Pictures with short captions
━━━
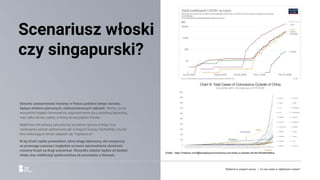 Obecnie zaobserwować możemy w Polsce podobne tempo wzrostu,
będące efektem pierwszych, niekontrolowanych zakażeń. Wiemy, że we
wszystkich krajach koronawirus rozprzestrzenia się z podobną dynamiką,
więc tylko od nas zależy, w którą stronę pójdzie Polska.
Najbliższe dni pokażą, jak potoczą się dalsze sprawy w kraju. Czy
zanotujemy wzrost zachorowań jak w krajach Europy Zachodniej, czy też
linia wskazująca wzrost zakażeń się “wypłaszczy”.
W tej chwili ciężko przewidzieć, którą drogę obierzemy, ale zważywszy
na przewagę czasową i względnie wczesne wprowadzenie obostrzeń,
możemy liczyć na drugi scenariusz. Wszystko zależeć będzie od działań
władz oraz mobilizacji społeczeństwa do pozostania w domach.
Scenariusz włoski
czy singapurski?
Źródło: https://medium.com/@tomaspueyo/coronavirus-act-today-or-people-will-die-f4d3d9cd99ca
Reklama w czasach zarazy. | Co nas czeka w najbliższym czasie?
 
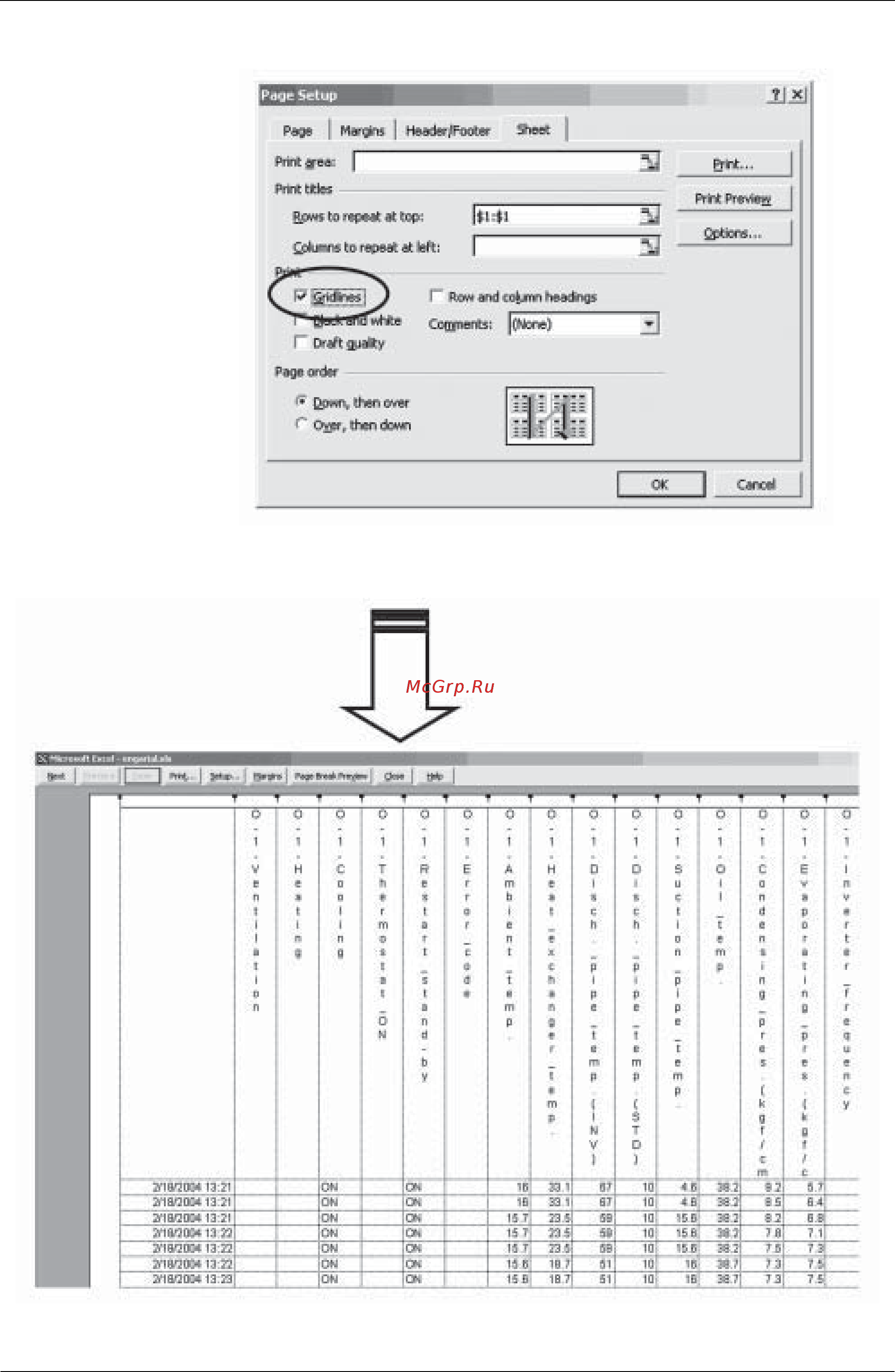 Daikin RX38MY1E [168/255] Checking on the print preview window the closing lines of cells are displayed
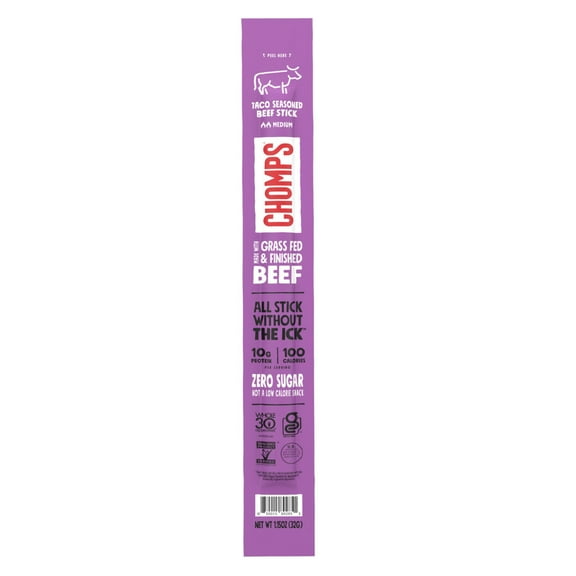 Chomps Taco Beef Jerky Snack Stick, 10g of Protein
━━━
* _ASSIGNMENT_
In the records above, how many lines include "krajach"? Answer with the number alone.

* _RESPONSE TO THE TASK_
2